Une nature indomptable

« On lutte contre la nature comme on peut, mais elle est souvent plus forte que nous. À – 5 °C ou – 6 °C, on ne peut pas faire grand-chose », ajoute Pierre-Édouard, un brin fataliste. Même en connaissant par cœur les courants d’air, les reliefs, la trajectoire des nuages de grêle, impossible de prédire et d’anticiper. Sur les coteaux en face, le gel était quasiment inexistant. Cette année, ils n’ont pas résisté aux gelées noires. Sur le terrain, le réchauffement climatique est une évidence : « Les hivers ne sont plus froids comme avant, donc le repos végétatif est moins long et les bourgeons sont déjà sortis au printemps. En dix-quinze ans, les vendanges ont été avancées de dix jours. » Le cépage cabernet franc présent dans les vignobles de l’appellation demandant énormément de maturité, les vendanges débutaient traditionnellement début octobre. Aujourd’hui, les vignerons et les saisonniers se retroussent les manches dès le 15 septembre.

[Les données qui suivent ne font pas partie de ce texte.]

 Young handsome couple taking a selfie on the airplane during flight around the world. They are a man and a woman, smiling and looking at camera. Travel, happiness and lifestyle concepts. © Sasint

Si le changement climatique est présent dans un coin de leur tête, l’urgence prend toujours le dessus. Émilien Desbourdes, installé depuis 2010 au domaine familial de l’Arpenty, est aujourd’hui en viticulture biologique. Il utilise les mêmes équipements que ses voisins, mais avoue être tiraillé entre le court terme et le long terme, c’est-à-dire un système plus respectueux de l’environnement. « Sur le coup, je sauve mon vignoble car je n’ai pas le choix. Si on commence à parler de pollution et de bilan carbone, cela devient problématique. Quand tout le monde allume les bougies au petit matin, le gros nuage qui s’élève au-dessus des vignes n’est pas joli, sans compter le fonctionnement des tours antigel : je suis déjà à 800 litres consommés de fioul pour 4,5 hectares… » Certains optent même pour le déploiement d’hélicoptères, pour brasser davantage d’air chaud. Le coût financier et environnemental s’envole très rapidement.

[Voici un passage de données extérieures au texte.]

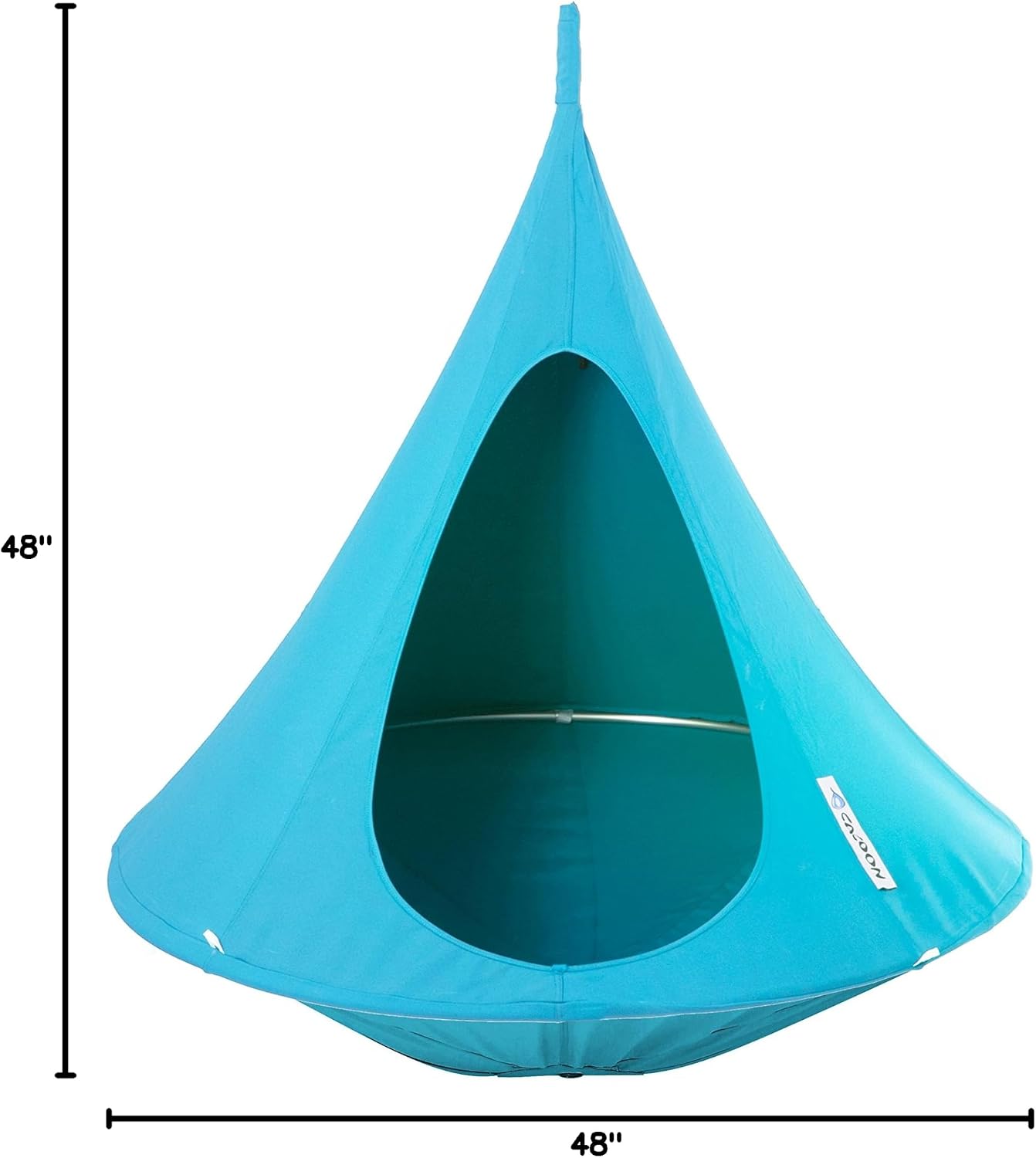 Cacoon Hanging Chair for Kids - Weight Capacity 220Lbs - Outdoor and Indoor Use - Hanging Kit Included - Aluminum Ring for Durability (True Turquoise)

« Il n’y a pas vraiment de système écologique, ou alors il ne faut rien faire et accepter le risque de faire zéro récolte un an sur deux. L’autre voie serait de revenir au modèle ancien entouré de haies ou de murs en moellons, au lieu de nos grandes plaines. Mais cela implique beaucoup de travail, d’arracher des vignes pour planter des arbres et des haies, attendre des années que ça pousse et surtout espérer un changement de mentalité radical », analyse Émilien. Les nuits sont plus calmes à la mi-avril, mais les vignerons gardent un œil sur le ciel et leurs bourgeons verdoyants en attendant les saints de glace (du 11 au 13 mai). Même avec des équipements de plus en plus sophistiqués, le calendrier traditionnel et populaire reste un guide dans les mémoires.